ASSIGNMENT
Produce an exact transcription of the data, with the images left out.

___ DATASET EXCERPT

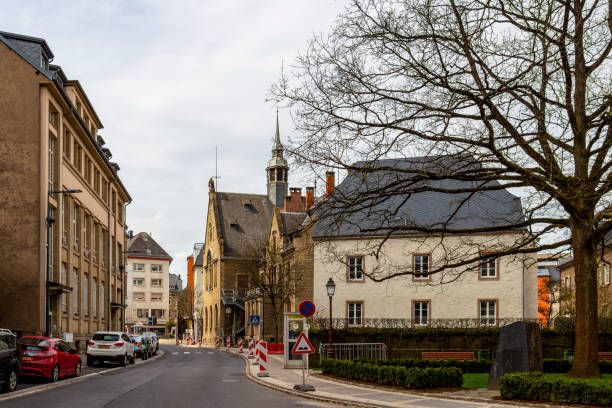 Ettelbruck, Luxembourg - April 03, 2016: Beautiful streetscape with part of the town hall in Ettelbruck, Canton of Diekirch Luxembourg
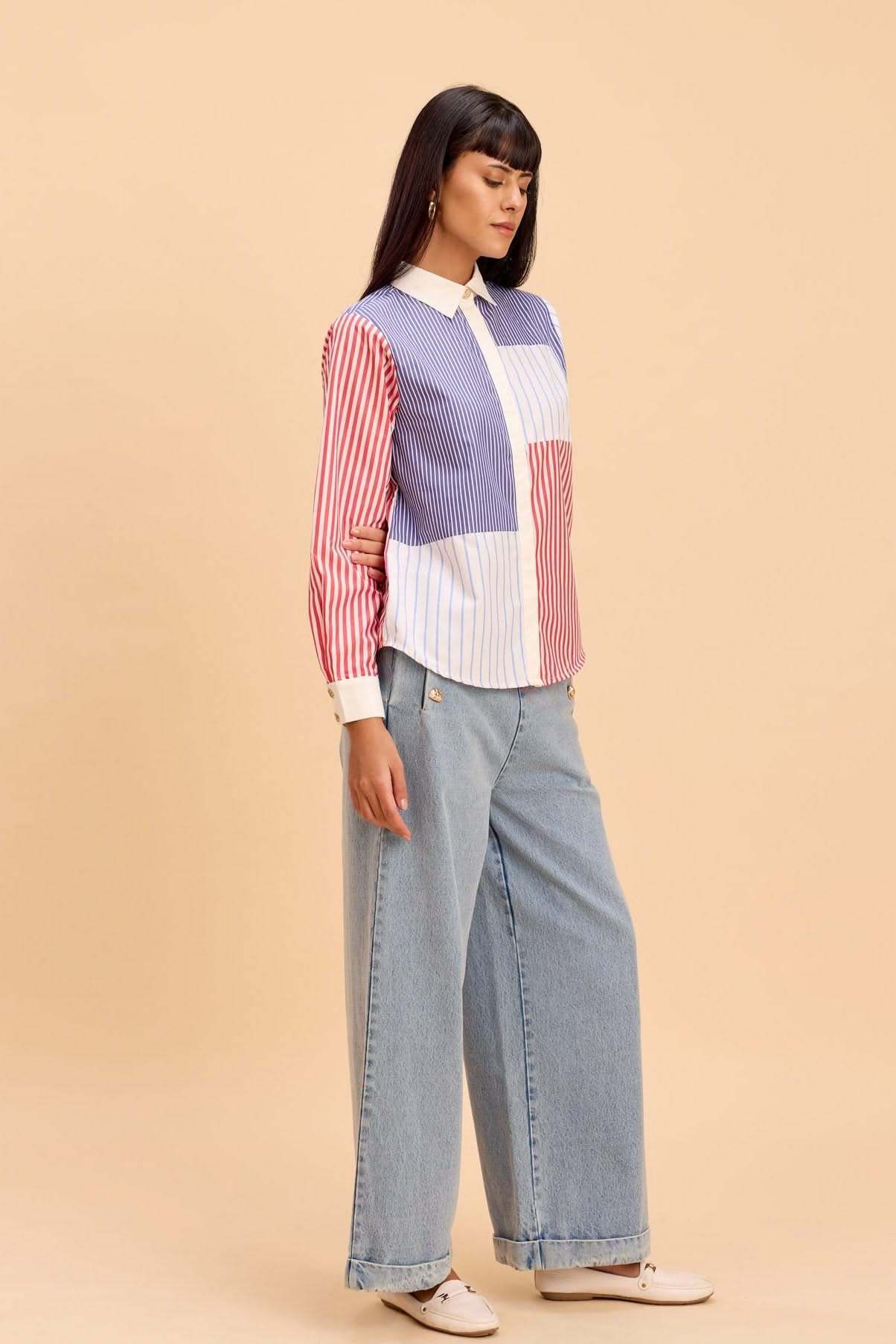 CARLA STRIPE COLOR BLOCK SHIRT WITH JEWEL BUTTONS - Sunday Story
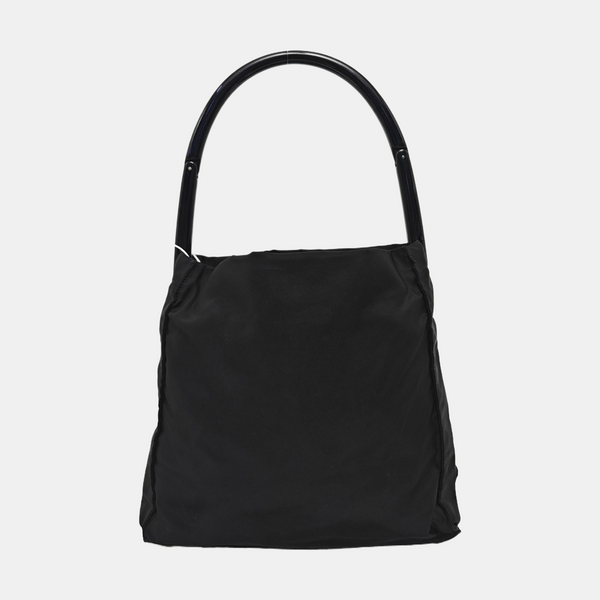 Bolso de mano de nailon negro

______

OUTPUT OF THE TASK
 Ettelbruck, Luxembourg - April 03, 2016: Beautiful streetscape with part of the town hall in Ettelbruck, Canton of Diekirch Luxembourg
 CARLA STRIPE COLOR BLOCK SHIRT WITH JEWEL BUTTONS - Sunday Story
 Bolso de mano de nailon negro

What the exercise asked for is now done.